[FEATURE] support ChromaDB as a builtin target
Similar to LanceDB support. Please make ChromaDB an optional dependency.
❤️ Contributors, please refer to 📙Contributing Guide.
Unless the PR can be sent immediately (e.g. just a few lines of code), we recommend you to leave a comment on the issue like I'm working on it or Can I work on this issue? to avoid duplicating work. Our Discord server is always open and friendly.
Hi @georgeh0! I'd like to work on this ChromaDB integration.
I've reviewed the LanceDB implementation (~450 lines) and understand the pattern. However, before I start, I wanted to check if you'd be open to a phased approach:
Phase 1 (MVP - this PR):
- Basic ChromaDB connector with core CRUD operations
- Schema mapping (PyArrow types → ChromaDB metadata)
- Optional dependency setup
- Basic tests
- Estimated scope: ~150-200 lines
Phase 2 (follow-up PR):
- Vector index support with configurable metrics
- Advanced indexing options
- Performance optimizations
This would allow for faster initial integration and incremental improvements. The ChromaDB API is simpler than LanceDB in some ways (no PyArrow conversion needed), so the basic implementation should be more compact.

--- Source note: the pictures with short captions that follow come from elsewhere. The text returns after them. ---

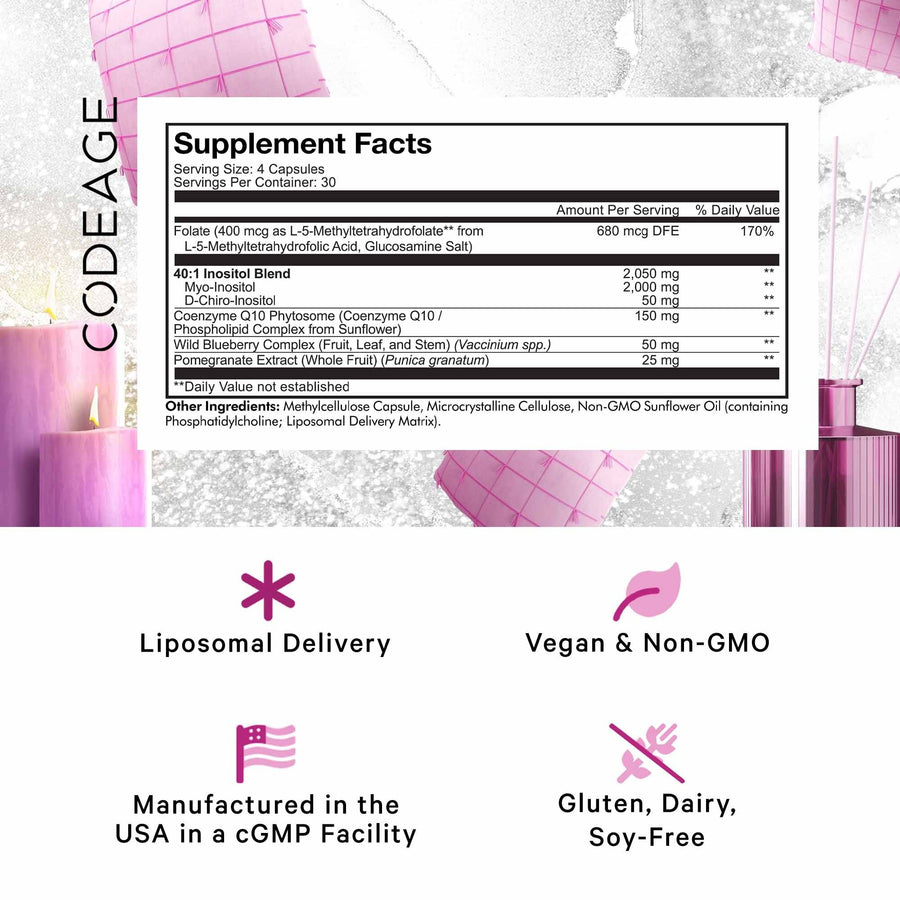 Codeage Liposomal Ovarian Inositol Supplement Facts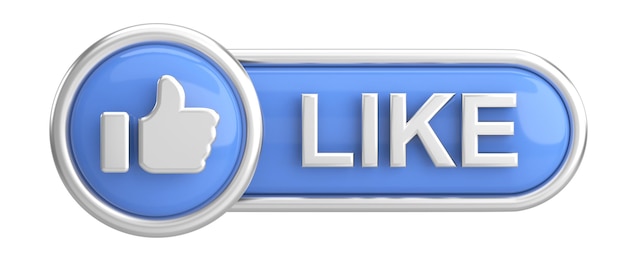 Foto like-knop als pictogram 3d illustratie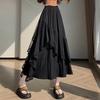 Cotton Blended Irregular Lace Maxi Skirt With Ruffle Hem For Fashion Women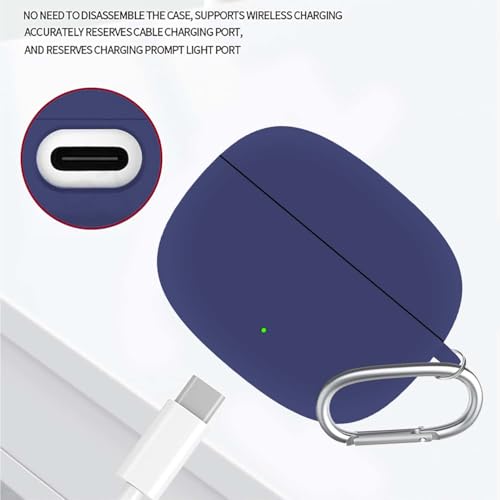 Image of Anvique Silicone Case Cover for Oneplus Nord Buds 4 Pro, Scratch Resistance, Shock Absorption, with Premium Carabiner (Blue R)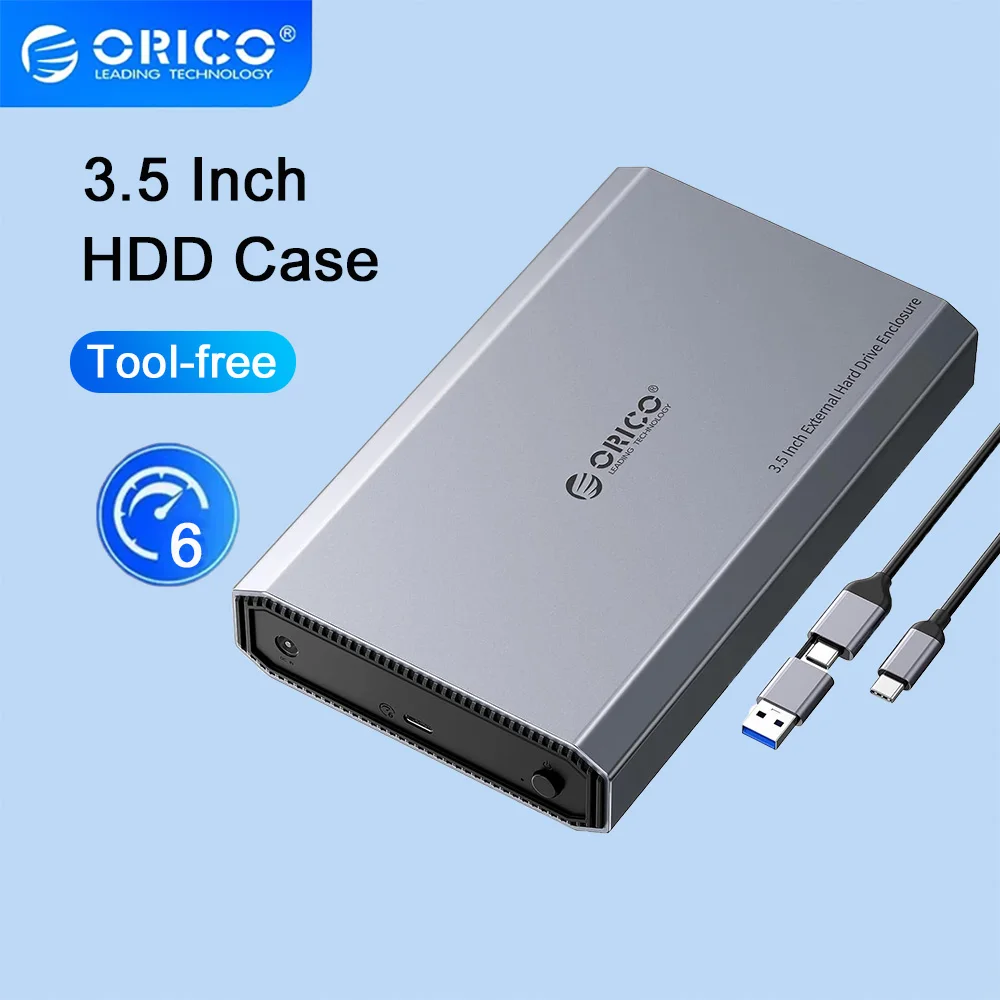 ORICO 2.5/3.5 inch Hard Drive Enclosure Aluminum USB 3.1 Type-C Gen2 External Hard Drive Case for 3.5/2.5 Inch SATA HDD SSD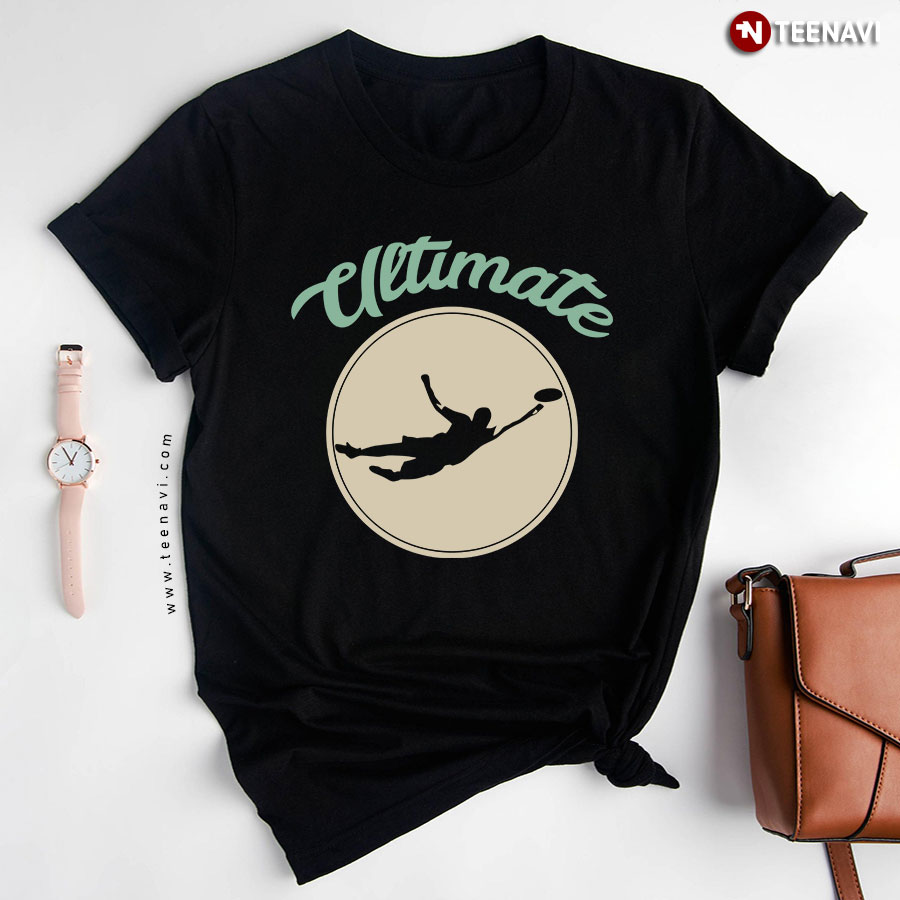 Ultimate Frisbee Flying Disc Sport Silhouette Vintage Sunset T-Shirt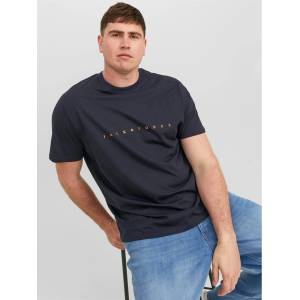 JACK & JONES Мъжка тениска Jack and Jones Jack+ Star T-Shirt Mens Plus Size - Dark Navy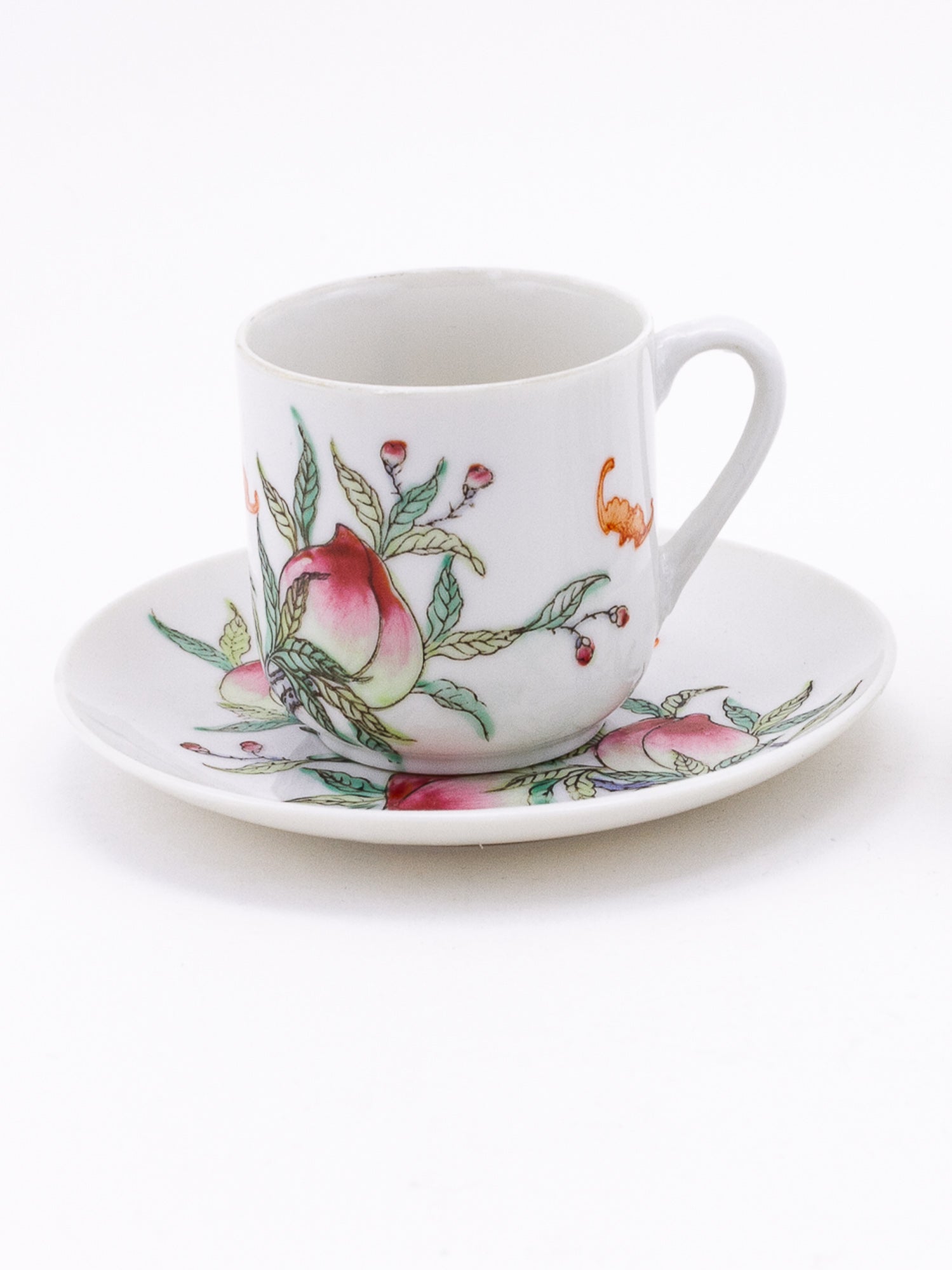 Pair of Garfinkel's Hand-Painted Porcelain Demitasse Cups & Saucers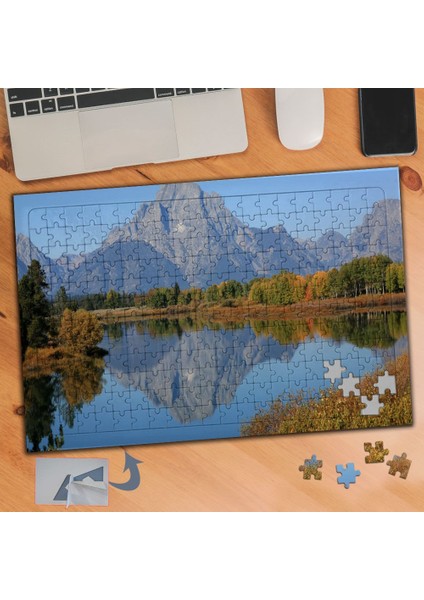 Gölete Yansıyan Dağ 240 Parça Puzzle Yapboz TABLO-596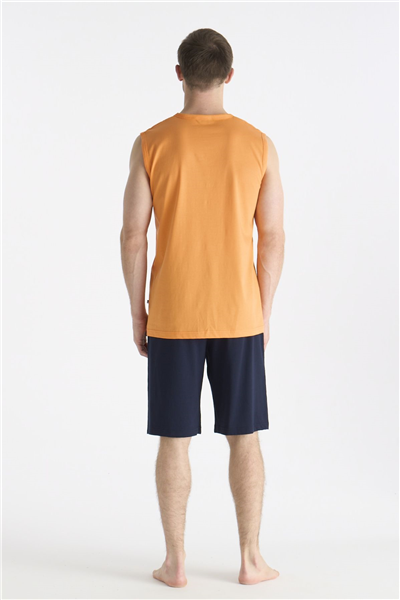 U.s Polo Assn. 19020 Erkek Kolsuz Bisiklet Yaka Şortlu Pijama Takımı-Turuncu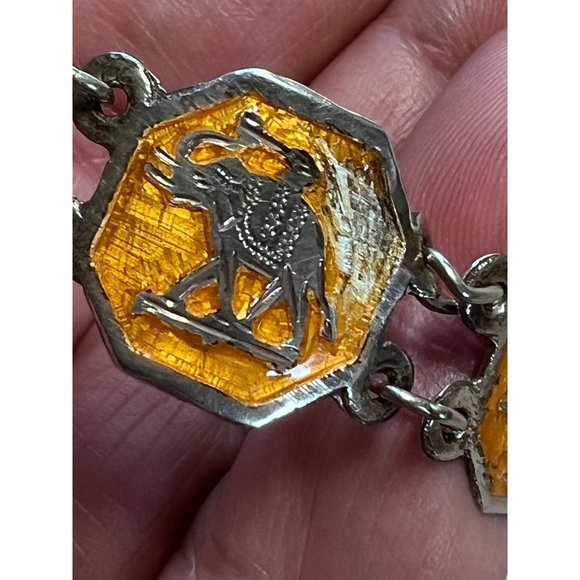 Vintage Sterling Silver Siam Niello Link Bracelet - Yellow Enamel, Thailand - Picture 12 of 16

Would this approach work for you, or would you prefer a complete implementation matching LanceDB's feature set in a single PR?
Looking forward to your guidance!
@ambicuity thanks for taking this! assigned.
open for take!
Would like to take this up 😄
Dropping a ping again to be assigned (just for the record); will be working on it anyway!
@Haleshot assigned. Thanks for taking this!